Ganhar como ganhou a Copa de  86 foi o bastante para convencer muita gente de que Maradona seria o maior gênio da história do futebol — especialmente na Argentina e em Nápoles, onde fazia milagres semanalmente para o pequeno time do sul da Itália — mas irritou Pelé.

Á época, o Rei rebateu qualquer comparação, dizendo que ele seria um jogador completo e Diego só jogava com a perna esquerda. Mais: sacaneou Maradona dizendo que seu maior gol havia sido com a mão. 

Nos anos 90, Pelé tentou trazer Maradona para o Santos, sem sucesso. Em sua autobiografia lançada no ano 2000, Maradona escreveu "Quando tivemos a chance de fazer negócios juntos, nos chocávamos demais. Bastava um ver o outro para saírem fagulhas". Naquele mesmo ano, Diego fez uma série de declarações ofensivas sobre a sexualidade do rei, que preferiu não responder, já que Maradona estaria "doente". Era o auge de sua dependência de cocaína. 

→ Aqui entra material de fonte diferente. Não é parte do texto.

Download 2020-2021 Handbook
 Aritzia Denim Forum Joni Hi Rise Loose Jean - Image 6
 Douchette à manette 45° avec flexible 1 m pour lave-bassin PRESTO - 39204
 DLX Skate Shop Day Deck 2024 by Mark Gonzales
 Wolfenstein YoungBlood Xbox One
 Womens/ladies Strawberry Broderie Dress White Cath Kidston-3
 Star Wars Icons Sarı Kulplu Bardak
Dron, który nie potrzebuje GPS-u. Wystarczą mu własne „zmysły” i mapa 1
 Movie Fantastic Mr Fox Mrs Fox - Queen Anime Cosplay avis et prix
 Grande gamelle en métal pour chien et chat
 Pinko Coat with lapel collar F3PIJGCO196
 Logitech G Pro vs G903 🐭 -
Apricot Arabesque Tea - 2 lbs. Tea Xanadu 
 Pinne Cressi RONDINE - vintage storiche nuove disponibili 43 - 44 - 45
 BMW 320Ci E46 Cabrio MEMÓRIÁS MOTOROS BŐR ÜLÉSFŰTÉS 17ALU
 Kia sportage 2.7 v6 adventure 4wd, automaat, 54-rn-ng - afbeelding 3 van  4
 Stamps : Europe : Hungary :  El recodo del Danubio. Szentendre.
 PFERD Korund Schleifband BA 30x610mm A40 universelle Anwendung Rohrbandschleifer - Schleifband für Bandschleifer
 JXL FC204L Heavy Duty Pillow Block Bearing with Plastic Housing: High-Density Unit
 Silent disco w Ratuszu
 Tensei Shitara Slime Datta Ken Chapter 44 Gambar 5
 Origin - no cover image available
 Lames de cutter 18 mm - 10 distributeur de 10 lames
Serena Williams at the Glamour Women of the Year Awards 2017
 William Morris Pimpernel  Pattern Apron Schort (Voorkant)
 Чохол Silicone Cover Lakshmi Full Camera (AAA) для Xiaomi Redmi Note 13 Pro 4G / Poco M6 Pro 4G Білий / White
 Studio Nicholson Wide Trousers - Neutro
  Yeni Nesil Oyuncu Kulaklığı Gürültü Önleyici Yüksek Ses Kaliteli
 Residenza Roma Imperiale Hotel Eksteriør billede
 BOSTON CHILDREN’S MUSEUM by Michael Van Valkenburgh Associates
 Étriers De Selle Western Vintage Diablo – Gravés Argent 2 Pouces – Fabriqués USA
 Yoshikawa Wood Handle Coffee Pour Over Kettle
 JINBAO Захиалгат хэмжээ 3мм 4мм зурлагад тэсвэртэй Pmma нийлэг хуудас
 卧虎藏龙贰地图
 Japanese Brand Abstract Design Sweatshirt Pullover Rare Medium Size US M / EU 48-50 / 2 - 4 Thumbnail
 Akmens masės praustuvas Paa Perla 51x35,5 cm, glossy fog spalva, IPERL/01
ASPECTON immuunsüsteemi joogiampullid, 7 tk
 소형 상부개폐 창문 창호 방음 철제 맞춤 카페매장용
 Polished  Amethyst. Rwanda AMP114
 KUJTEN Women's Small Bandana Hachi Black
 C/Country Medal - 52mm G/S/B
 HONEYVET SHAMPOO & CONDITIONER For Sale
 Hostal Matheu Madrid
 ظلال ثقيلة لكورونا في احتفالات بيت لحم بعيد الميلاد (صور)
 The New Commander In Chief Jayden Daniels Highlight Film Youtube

E teve mais confusão naquele ano. Ingenuamente, a Fifa abriu votação pela internet para escolher o maior craque do século 20. Maradona ganhou com mais da metade dos votos — graças a jovens fãs internautas que não haviam visto Pelé jogar —, mas a entidade não reconheceu o resultado e acabou dando o prêmio para Pelé. Foi a vez de Maradona se indignar e se negar a dividir a honra. 

Quando teve seu programa de TV, em 2005, Maradona fez questão de convidar Pelé. Na entrevista é possível ver os dois rivais relaxados, envoltos em aura de admiração mútua. E, o momento mais antológico acontece quando os dois gênios resolvem brincar de cabecear: 

Água e vinho, Apolo e Dionísio. Vitassay e cocaína. Os dois não poderiam ser mais diferentes. Pelé, o rei da bola e da diplomacia. Maradona conseguiu ser expulso do Vaticano por arrumar briga com o papa. O brasileiro irradiando a calma serena de quem sabe ser o melhor. O argentino, a paixão desesperada de quem nunca conseguiu ser morno. Espelhos perfeitos da paixão chamada futebol.  Os únicos rivais para o posto de maior de todos os tempos. 

Bem, pelo menos até um tal de Lionel Messi conquistar a Copa do Mundo, complicando ainda mais a trama. Mas essa é uma questão a ser resolvida nas próximas décadas.